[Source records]

····················

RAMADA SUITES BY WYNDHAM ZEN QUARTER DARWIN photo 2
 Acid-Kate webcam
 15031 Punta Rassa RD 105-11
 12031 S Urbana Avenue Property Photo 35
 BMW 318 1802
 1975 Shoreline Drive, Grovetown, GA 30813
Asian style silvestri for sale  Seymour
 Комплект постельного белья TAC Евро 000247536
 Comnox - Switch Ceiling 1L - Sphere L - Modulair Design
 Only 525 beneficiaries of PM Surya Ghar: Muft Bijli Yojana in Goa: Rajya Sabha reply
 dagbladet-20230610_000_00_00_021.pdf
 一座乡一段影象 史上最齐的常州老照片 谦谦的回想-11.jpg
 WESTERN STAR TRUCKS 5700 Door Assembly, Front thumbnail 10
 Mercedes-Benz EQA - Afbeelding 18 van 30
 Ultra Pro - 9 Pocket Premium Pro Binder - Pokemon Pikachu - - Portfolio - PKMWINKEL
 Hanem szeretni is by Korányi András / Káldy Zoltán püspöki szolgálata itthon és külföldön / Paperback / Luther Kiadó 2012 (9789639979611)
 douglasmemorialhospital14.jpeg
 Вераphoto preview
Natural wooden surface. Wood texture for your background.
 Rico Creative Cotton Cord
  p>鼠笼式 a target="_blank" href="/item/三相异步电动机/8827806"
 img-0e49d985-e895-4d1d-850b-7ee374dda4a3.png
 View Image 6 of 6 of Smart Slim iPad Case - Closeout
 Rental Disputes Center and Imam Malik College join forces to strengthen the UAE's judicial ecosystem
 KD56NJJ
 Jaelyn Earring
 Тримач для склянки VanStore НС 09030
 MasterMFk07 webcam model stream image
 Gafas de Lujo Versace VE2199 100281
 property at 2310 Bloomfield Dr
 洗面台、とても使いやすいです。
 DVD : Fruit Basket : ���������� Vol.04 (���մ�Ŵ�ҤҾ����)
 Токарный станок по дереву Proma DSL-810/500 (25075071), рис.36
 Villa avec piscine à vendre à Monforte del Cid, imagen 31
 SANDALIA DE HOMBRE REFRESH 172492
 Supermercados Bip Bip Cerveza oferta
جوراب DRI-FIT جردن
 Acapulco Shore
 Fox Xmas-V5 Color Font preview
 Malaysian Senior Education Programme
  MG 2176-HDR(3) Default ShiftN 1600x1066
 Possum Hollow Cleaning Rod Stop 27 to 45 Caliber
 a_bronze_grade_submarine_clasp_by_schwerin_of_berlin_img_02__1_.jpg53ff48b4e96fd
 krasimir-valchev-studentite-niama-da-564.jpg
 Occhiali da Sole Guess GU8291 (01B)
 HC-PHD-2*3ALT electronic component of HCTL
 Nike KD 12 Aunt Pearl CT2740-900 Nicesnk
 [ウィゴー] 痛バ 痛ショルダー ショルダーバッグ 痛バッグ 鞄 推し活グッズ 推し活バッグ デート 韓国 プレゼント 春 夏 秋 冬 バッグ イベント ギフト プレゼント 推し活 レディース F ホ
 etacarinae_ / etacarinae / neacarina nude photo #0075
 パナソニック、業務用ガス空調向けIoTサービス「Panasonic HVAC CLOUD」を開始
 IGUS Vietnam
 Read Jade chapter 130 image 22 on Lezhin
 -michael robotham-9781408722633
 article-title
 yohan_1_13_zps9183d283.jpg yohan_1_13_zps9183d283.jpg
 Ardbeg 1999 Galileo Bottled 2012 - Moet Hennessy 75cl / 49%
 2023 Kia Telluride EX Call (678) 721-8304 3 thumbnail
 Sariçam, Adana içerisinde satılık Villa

····················

[ASSIGNMENT] Each record is to be transcribed exactly and in full.

[WRITTEN REPLY]
RAMADA SUITES BY WYNDHAM ZEN QUARTER DARWIN photo 2
 Acid-Kate webcam
 15031 Punta Rassa RD 105-11
 12031 S Urbana Avenue Property Photo 35
 BMW 318 1802
 1975 Shoreline Drive, Grovetown, GA 30813
Asian style silvestri for sale  Seymour
 Комплект постельного белья TAC Евро 000247536
 Comnox - Switch Ceiling 1L - Sphere L - Modulair Design
 Only 525 beneficiaries of PM Surya Ghar: Muft Bijli Yojana in Goa: Rajya Sabha reply
 dagbladet-20230610_000_00_00_021.pdf
 一座乡一段影象 史上最齐的常州老照片 谦谦的回想-11.jpg
 WESTERN STAR TRUCKS 5700 Door Assembly, Front thumbnail 10
 Mercedes-Benz EQA - Afbeelding 18 van 30
 Ultra Pro - 9 Pocket Premium Pro Binder - Pokemon Pikachu - - Portfolio - PKMWINKEL
 Hanem szeretni is by Korányi András / Káldy Zoltán püspöki szolgálata itthon és külföldön / Paperback / Luther Kiadó 2012 (9789639979611)
 douglasmemorialhospital14.jpeg
 Вераphoto preview
Natural wooden surface. Wood texture for your background.
 Rico Creative Cotton Cord
  p>鼠笼式 a target="_blank" href="/item/三相异步电动机/8827806"
 img-0e49d985-e895-4d1d-850b-7ee374dda4a3.png
 View Image 6 of 6 of Smart Slim iPad Case - Closeout
 Rental Disputes Center and Imam Malik College join forces to strengthen the UAE's judicial ecosystem
 KD56NJJ
 Jaelyn Earring
 Тримач для склянки VanStore НС 09030
 MasterMFk07 webcam model stream image
 Gafas de Lujo Versace VE2199 100281
 property at 2310 Bloomfield Dr
 洗面台、とても使いやすいです。
 DVD : Fruit Basket : ���������� Vol.04 (���մ�Ŵ�ҤҾ����)
 Токарный станок по дереву Proma DSL-810/500 (25075071), рис.36
 Villa avec piscine à vendre à Monforte del Cid, imagen 31
 SANDALIA DE HOMBRE REFRESH 172492
 Supermercados Bip Bip Cerveza oferta
جوراب DRI-FIT جردن
 Acapulco Shore
 Fox Xmas-V5 Color Font preview
 Malaysian Senior Education Programme
  MG 2176-HDR(3) Default ShiftN 1600x1066
 Possum Hollow Cleaning Rod Stop 27 to 45 Caliber
 a_bronze_grade_submarine_clasp_by_schwerin_of_berlin_img_02__1_.jpg53ff48b4e96fd
 krasimir-valchev-studentite-niama-da-564.jpg
 Occhiali da Sole Guess GU8291 (01B)
 HC-PHD-2*3ALT electronic component of HCTL
 Nike KD 12 Aunt Pearl CT2740-900 Nicesnk
 [ウィゴー] 痛バ 痛ショルダー ショルダーバッグ 痛バッグ 鞄 推し活グッズ 推し活バッグ デート 韓国 プレゼント 春 夏 秋 冬 バッグ イベント ギフト プレゼント 推し活 レディース F ホ
 etacarinae_ / etacarinae / neacarina nude photo #0075
 パナソニック、業務用ガス空調向けIoTサービス「Panasonic HVAC CLOUD」を開始
 IGUS Vietnam
 Read Jade chapter 130 image 22 on Lezhin
 -michael robotham-9781408722633
 article-title
 yohan_1_13_zps9183d283.jpg yohan_1_13_zps9183d283.jpg
 Ardbeg 1999 Galileo Bottled 2012 - Moet Hennessy 75cl / 49%
 2023 Kia Telluride EX Call (678) 721-8304 3 thumbnail
 Sariçam, Adana içerisinde satılık Villa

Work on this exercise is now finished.